[WORK ITEM]
When you copy the listing, skip the images and return each line verbatim.

[SUPPLIED INFORMATION]

------

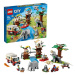 LEGO City 60307 Záchranářský kemp v divočině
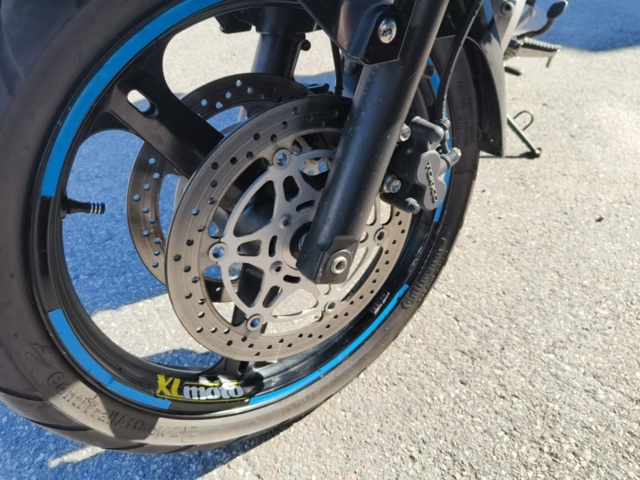 1130136-9 Suzuki Cycles DL1000 V-Storm 1.0 -2006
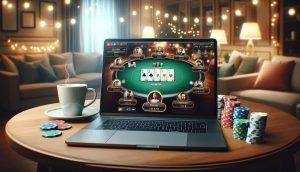 Mit Online Poker Geld verdienen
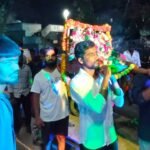 Sri Rama Pallaki Seva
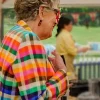 Empire State Building Prue Leith Blazer Side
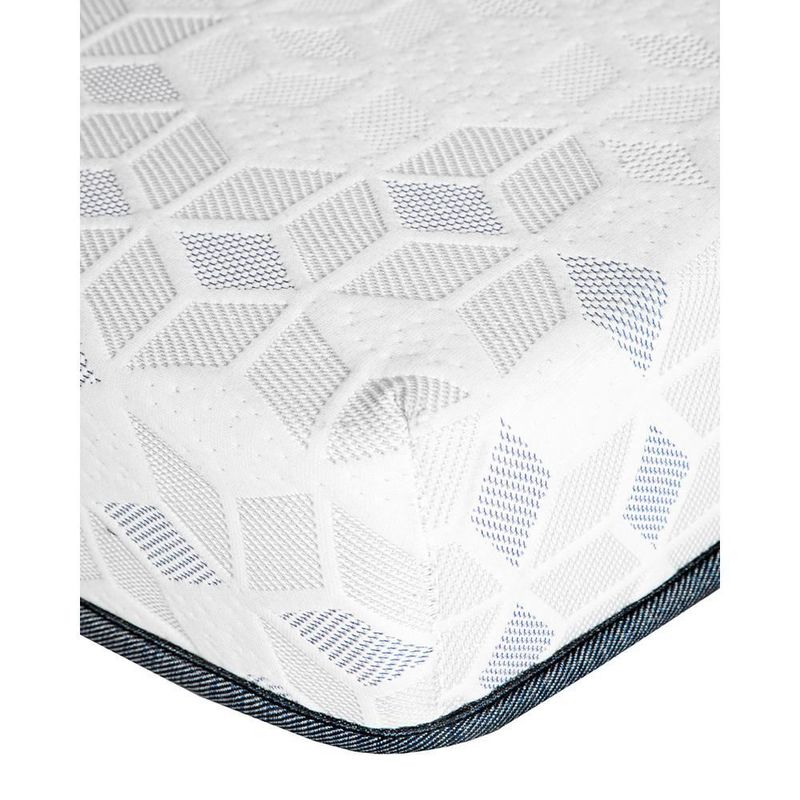 Colchon Restonic Trinity Queen Size+ Almohada One+ Protector Cloud CDZ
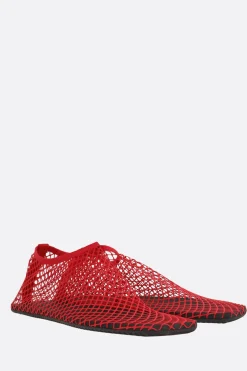 Women CHRISTOPHER ESBER mesh water flats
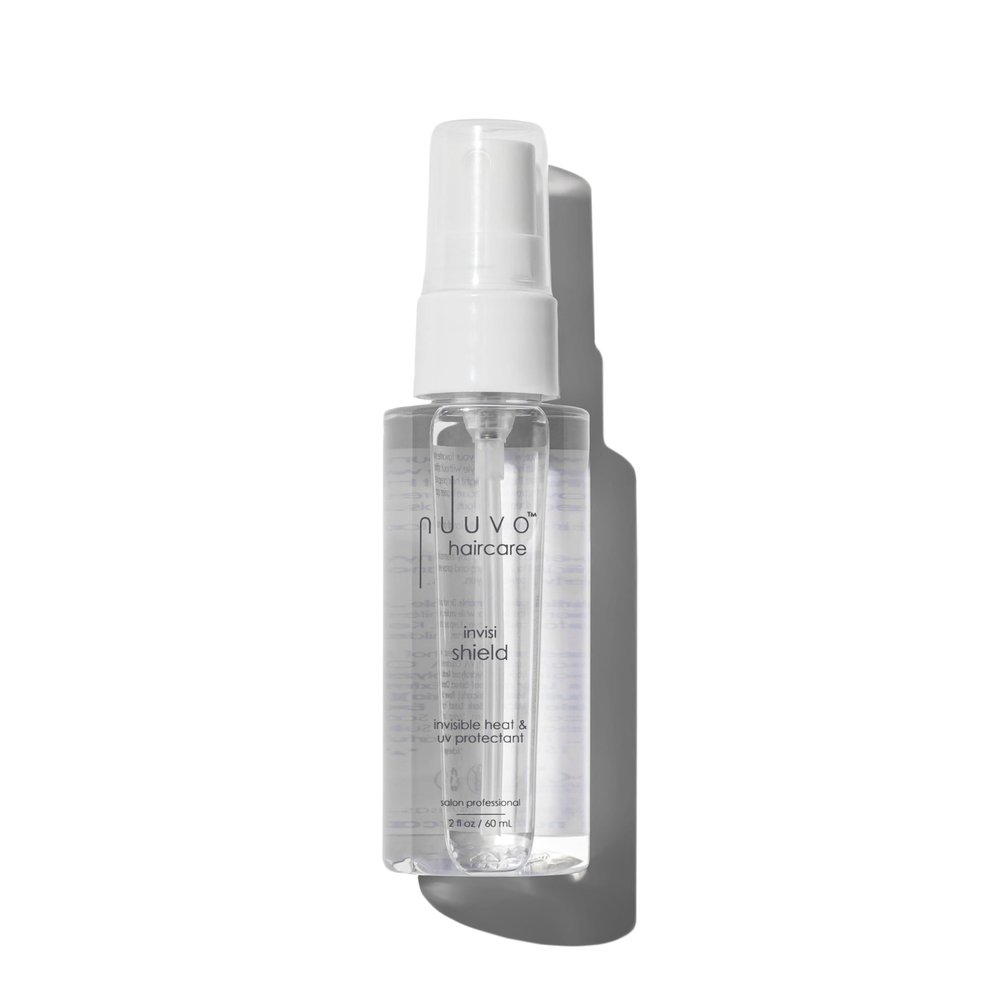 Nuuvo Haircare Invisi-Shield Blow-dry Spray - 2 fl oz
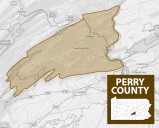 Human services in Perry County funded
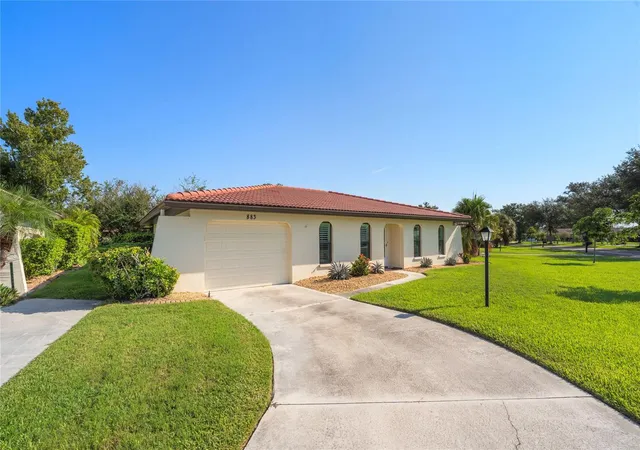 Photo 2 of Single family home for sale at 883 Shamrock Blvd #9, Venice, FL 34293 | MLS# N6145460 | Listing updated on 2026-08-29
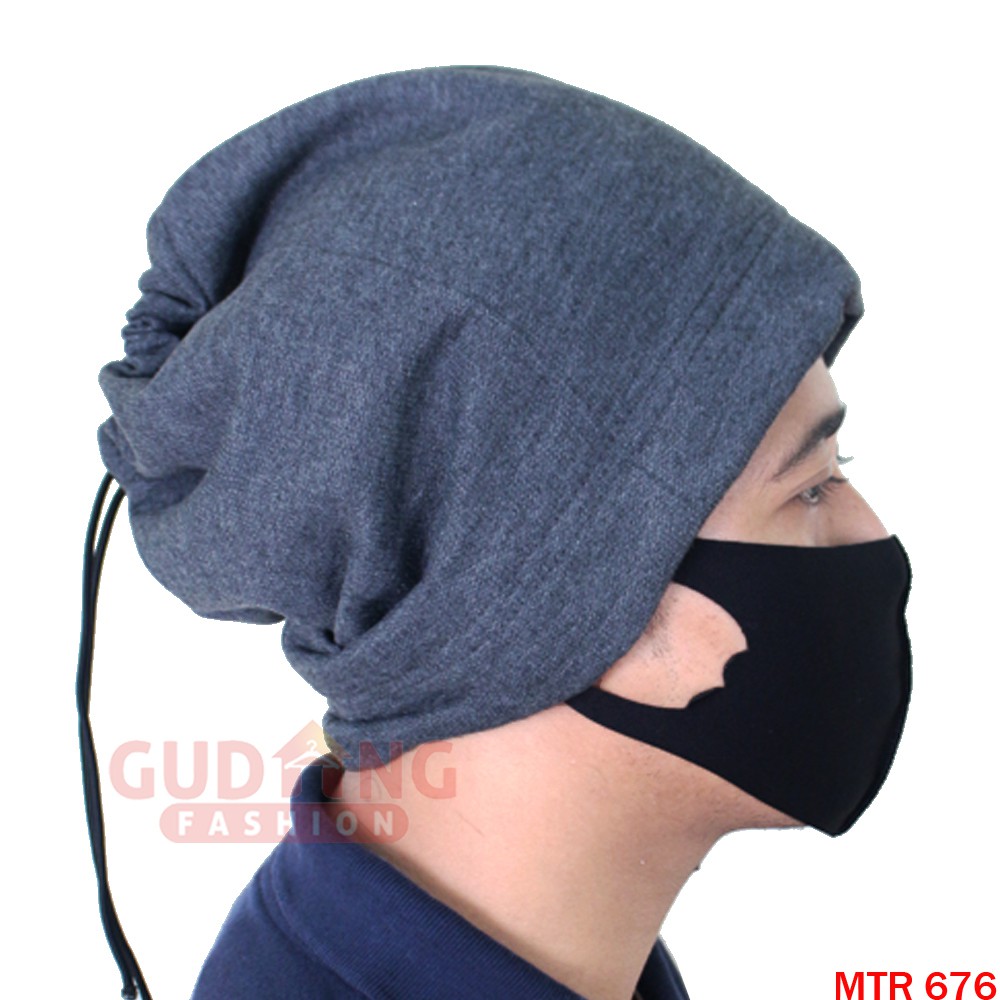 Masker Polar Setengah Muka - MTR 676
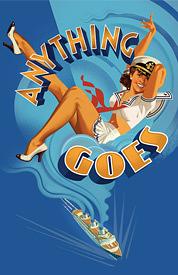 Anything Goes by Cole Porter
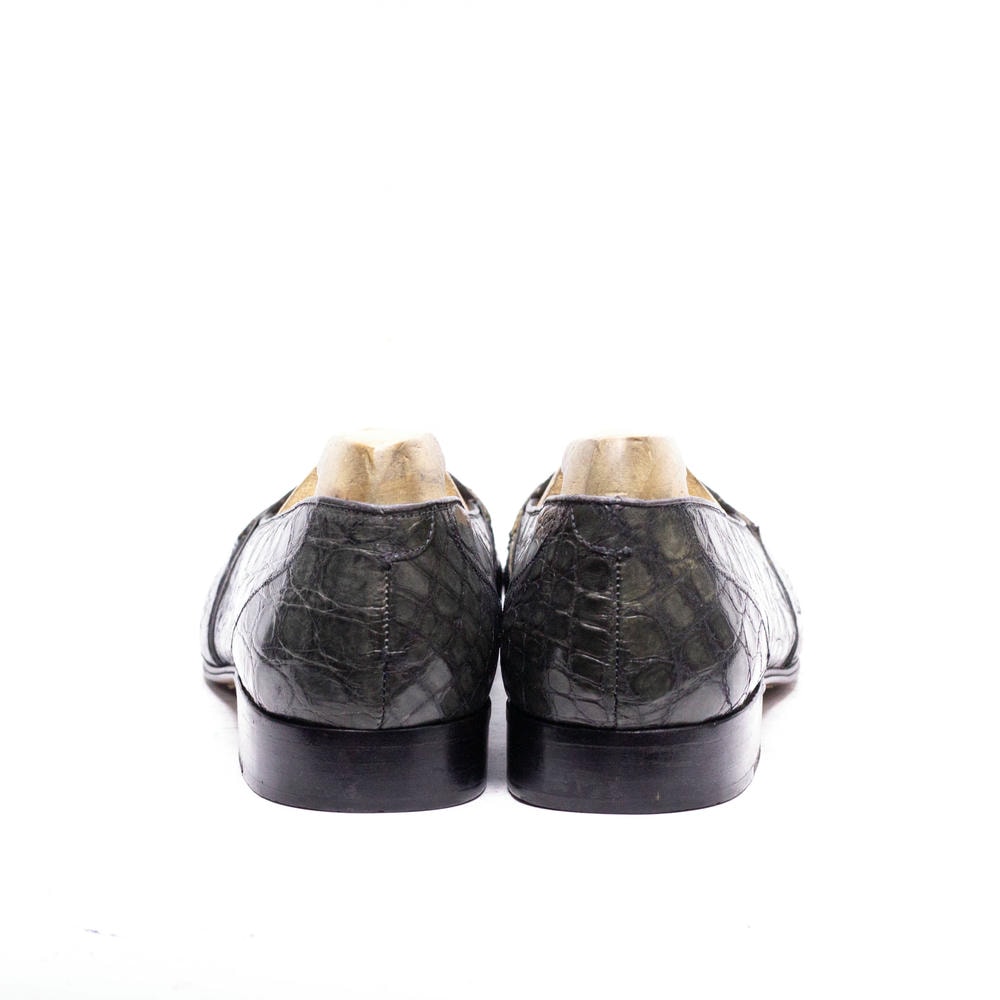 Giày Mã 8AB03 - Hiệu BRASS BOOT - Ảnh 6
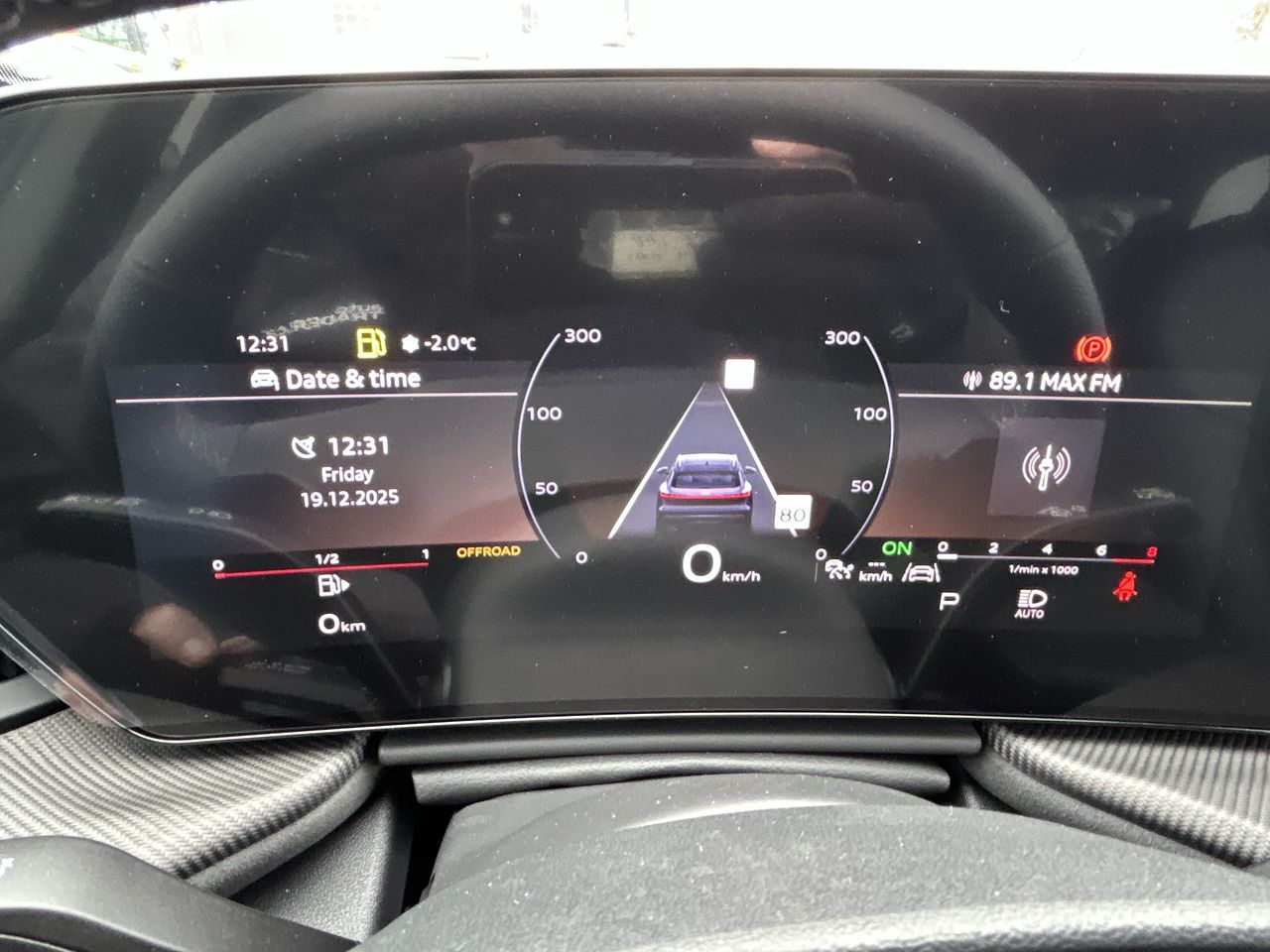 2025 Audi SQ5 in Barrie, Ontario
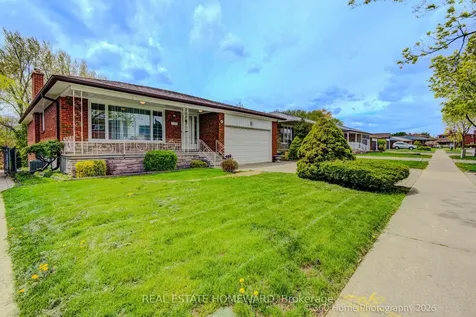 42 Annabelle Drive Toronto ON M9V 3B6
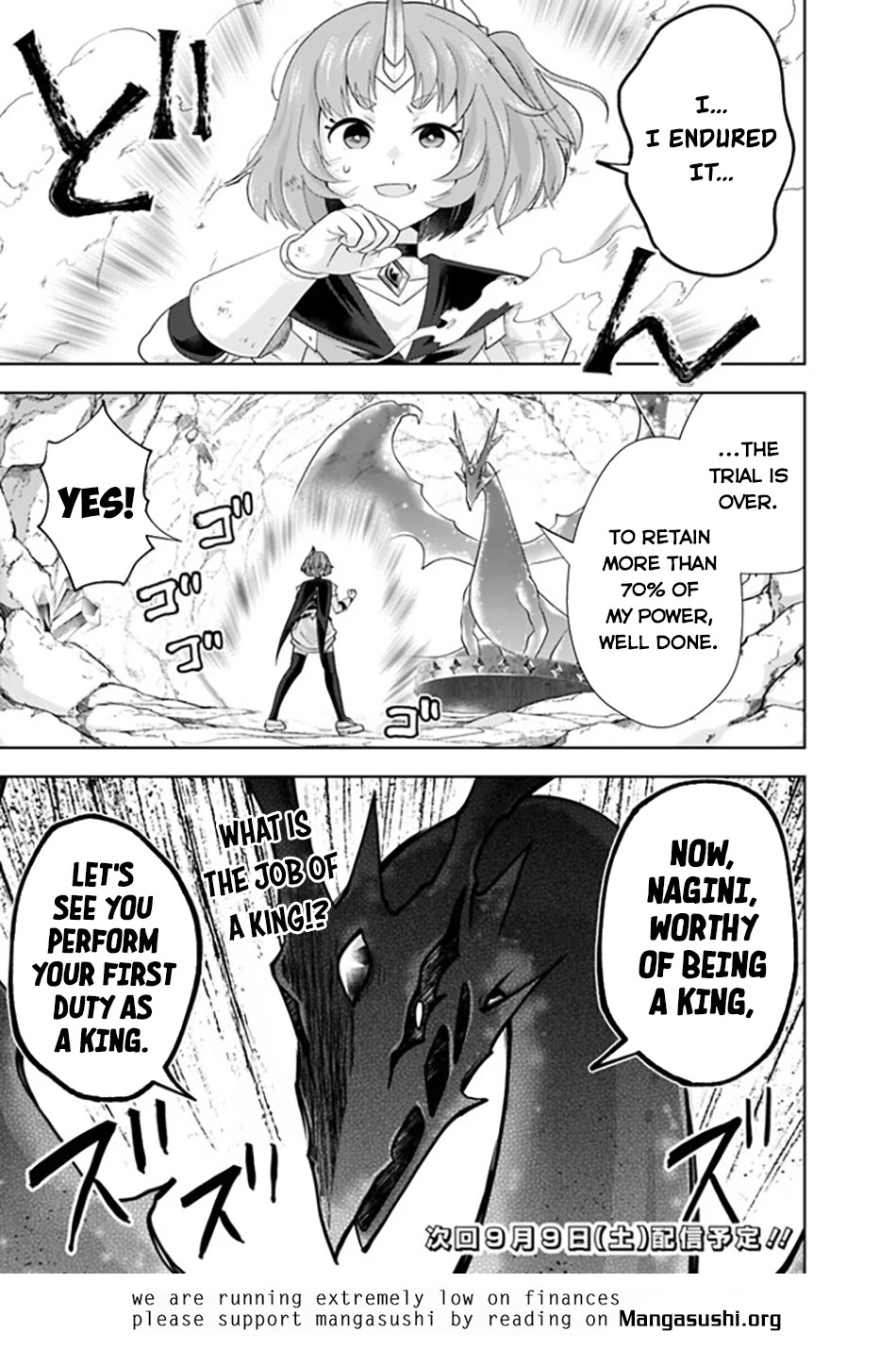 Ore no Ie ga Maryoku Spot datta Ken – Sundeiru dake de Sekai Saikyou Chapter 224 page 12 - Chapter 224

------

[REPLY TO THE EXERCISE]
 LEGO City 60307 Záchranářský kemp v divočině
 1130136-9 Suzuki Cycles DL1000 V-Storm 1.0 -2006
 Mit Online Poker Geld verdienen
 Sri Rama Pallaki Seva
 Empire State Building Prue Leith Blazer Side
 Colchon Restonic Trinity Queen Size+ Almohada One+ Protector Cloud CDZ
 Women CHRISTOPHER ESBER mesh water flats
 Nuuvo Haircare Invisi-Shield Blow-dry Spray - 2 fl oz
 Human services in Perry County funded
 Photo 2 of Single family home for sale at 883 Shamrock Blvd #9, Venice, FL 34293 | MLS# N6145460 | Listing updated on 2026-08-29
 Masker Polar Setengah Muka - MTR 676
 Anything Goes by Cole Porter
 Giày Mã 8AB03 - Hiệu BRASS BOOT - Ảnh 6
 2025 Audi SQ5 in Barrie, Ontario
 42 Annabelle Drive Toronto ON M9V 3B6
 Ore no Ie ga Maryoku Spot datta Ken – Sundeiru dake de Sekai Saikyou Chapter 224 page 12 - Chapter 224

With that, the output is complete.